What the task requires: Repeat, word for word and with nothing added, each line from the one containing "Best Roof Leak" to the final line of the data, keeping both ends. Pictures are not part of the copy.

Dataset entries:
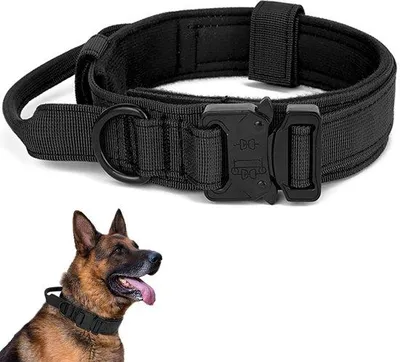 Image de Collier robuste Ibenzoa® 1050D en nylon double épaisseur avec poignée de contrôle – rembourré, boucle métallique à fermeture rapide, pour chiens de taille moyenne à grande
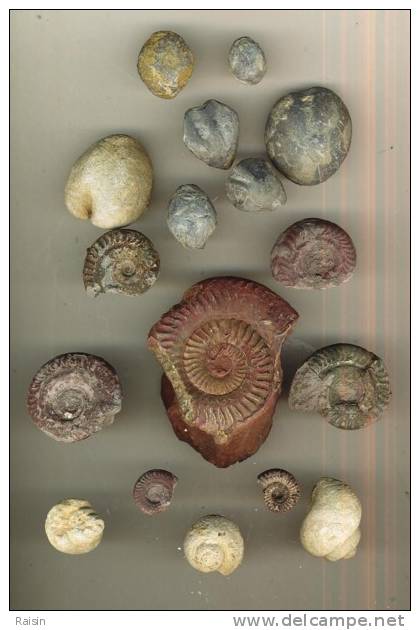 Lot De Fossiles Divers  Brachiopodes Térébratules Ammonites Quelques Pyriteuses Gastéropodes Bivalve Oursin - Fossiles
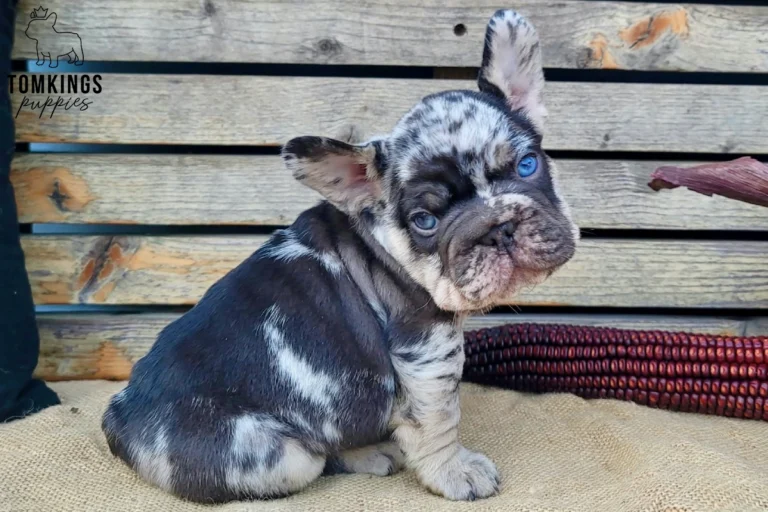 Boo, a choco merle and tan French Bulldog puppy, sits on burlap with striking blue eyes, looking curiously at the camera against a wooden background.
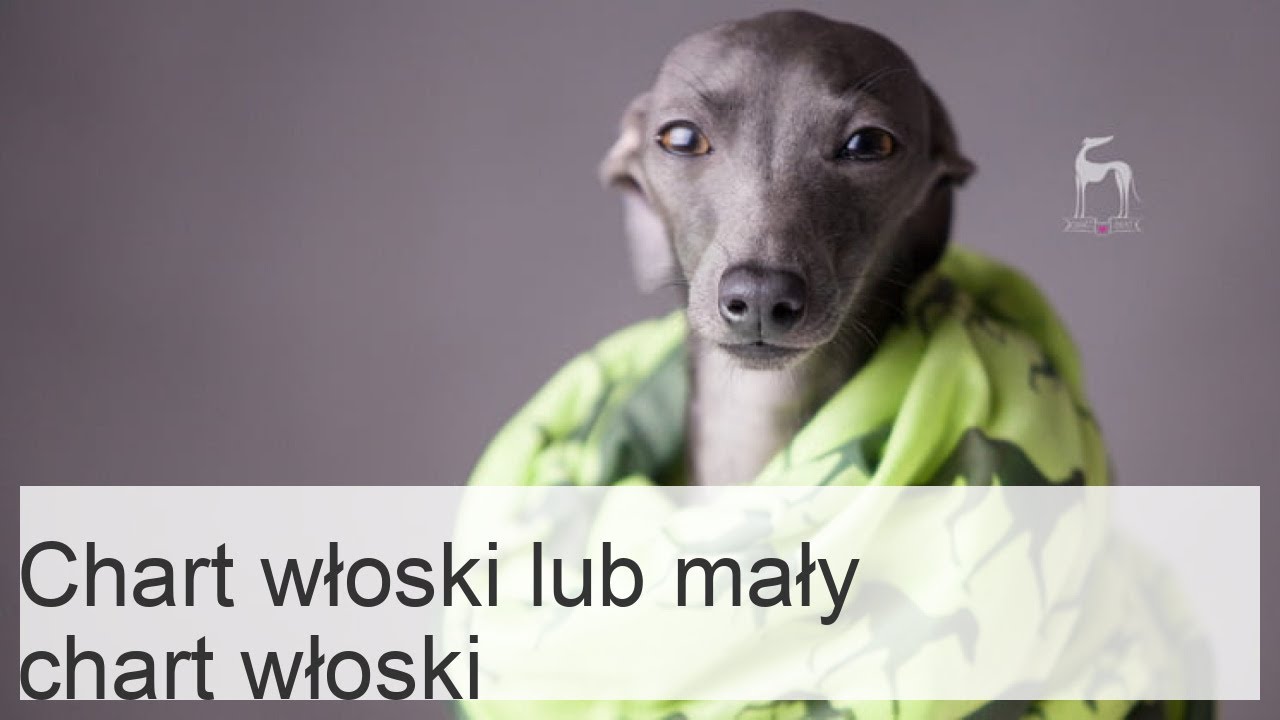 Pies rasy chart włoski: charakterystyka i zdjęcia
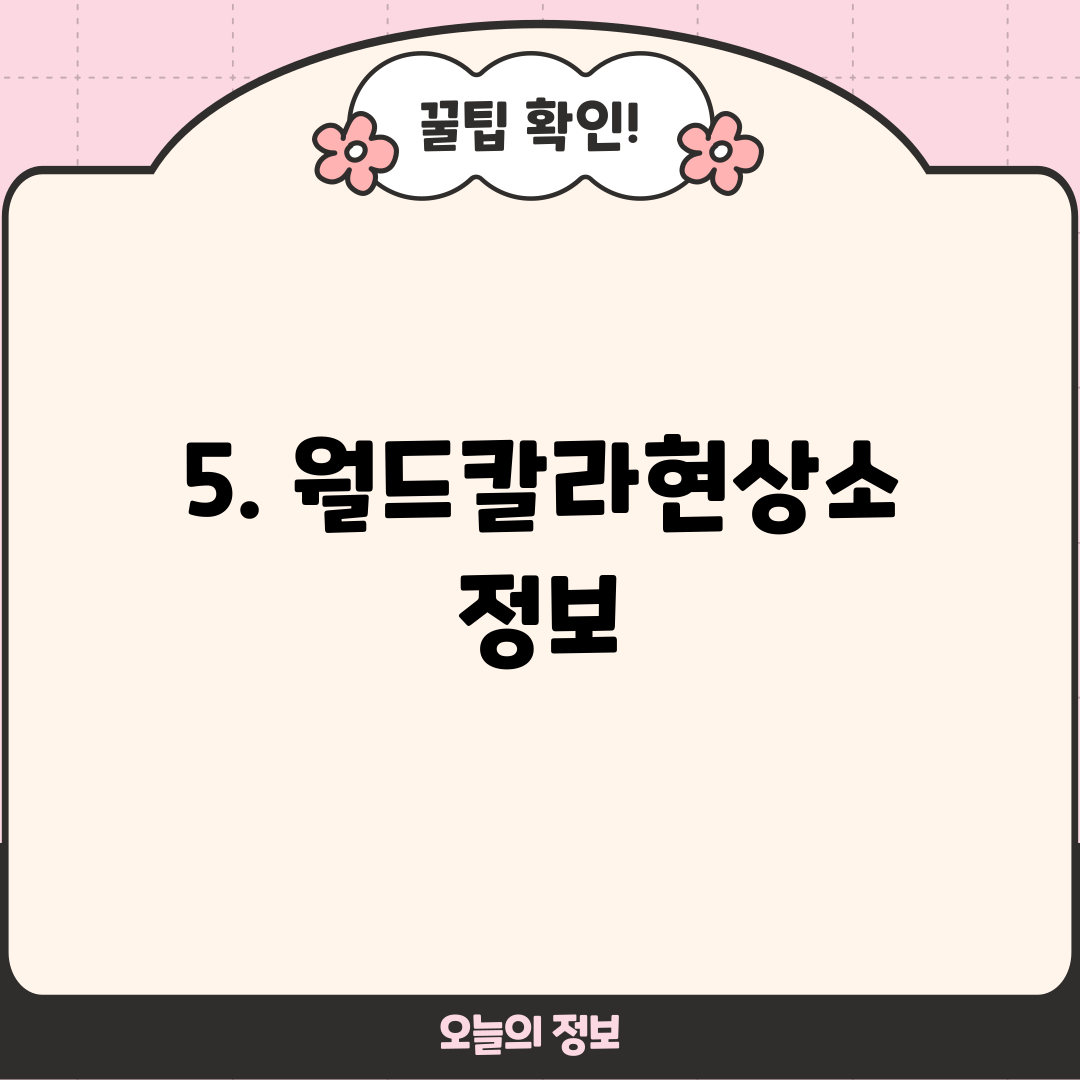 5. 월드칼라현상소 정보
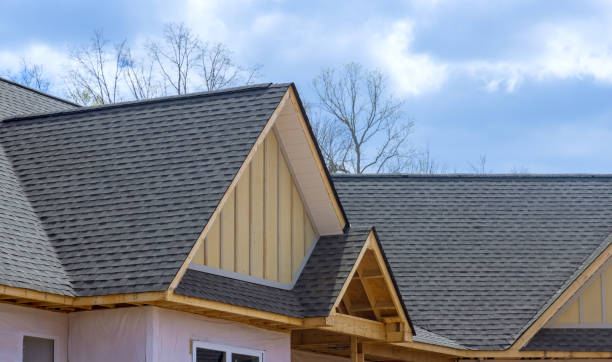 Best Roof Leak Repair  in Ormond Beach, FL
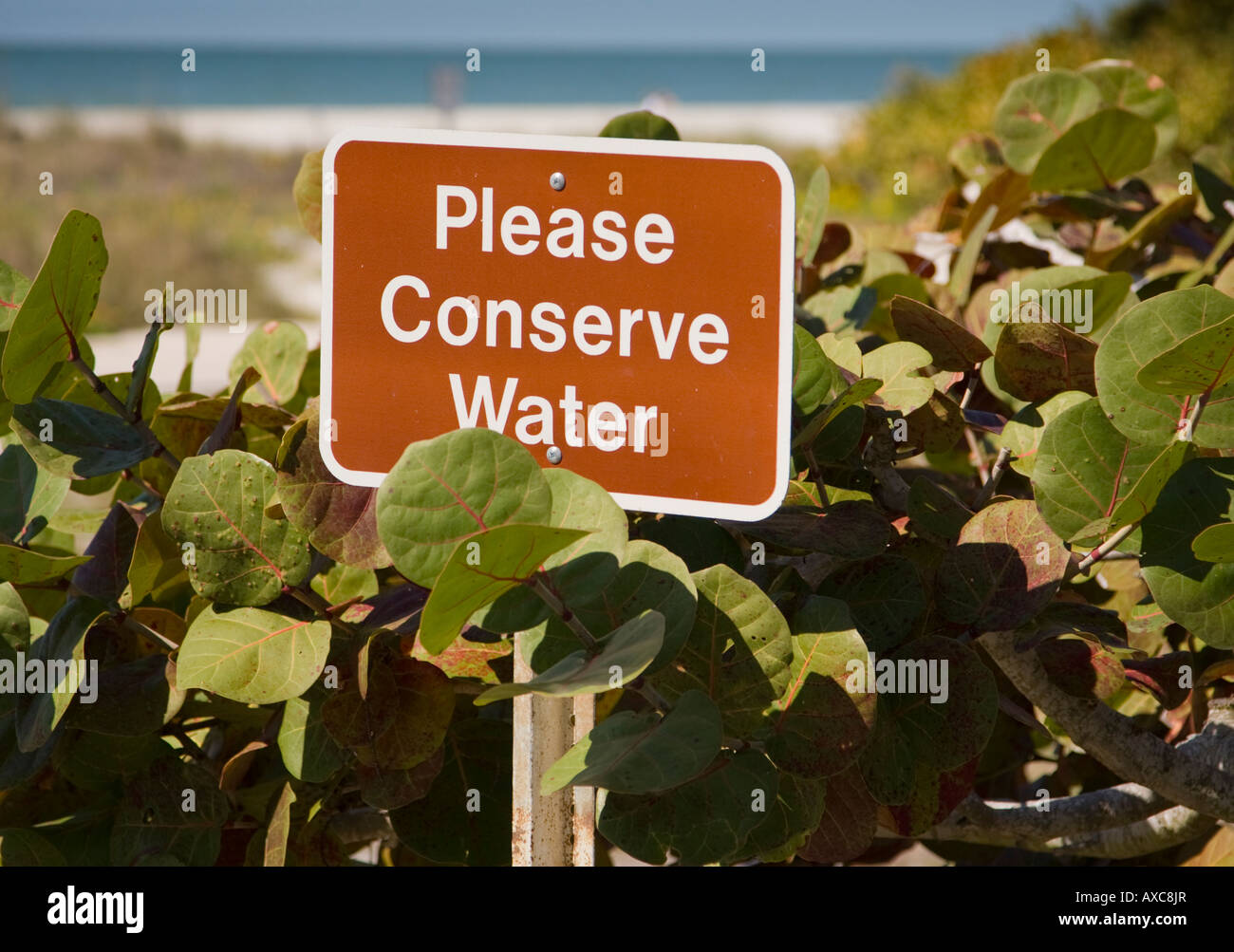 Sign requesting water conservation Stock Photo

Result of this exercise:
 Best Roof Leak Repair  in Ormond Beach, FL
 Sign requesting water conservation Stock Photo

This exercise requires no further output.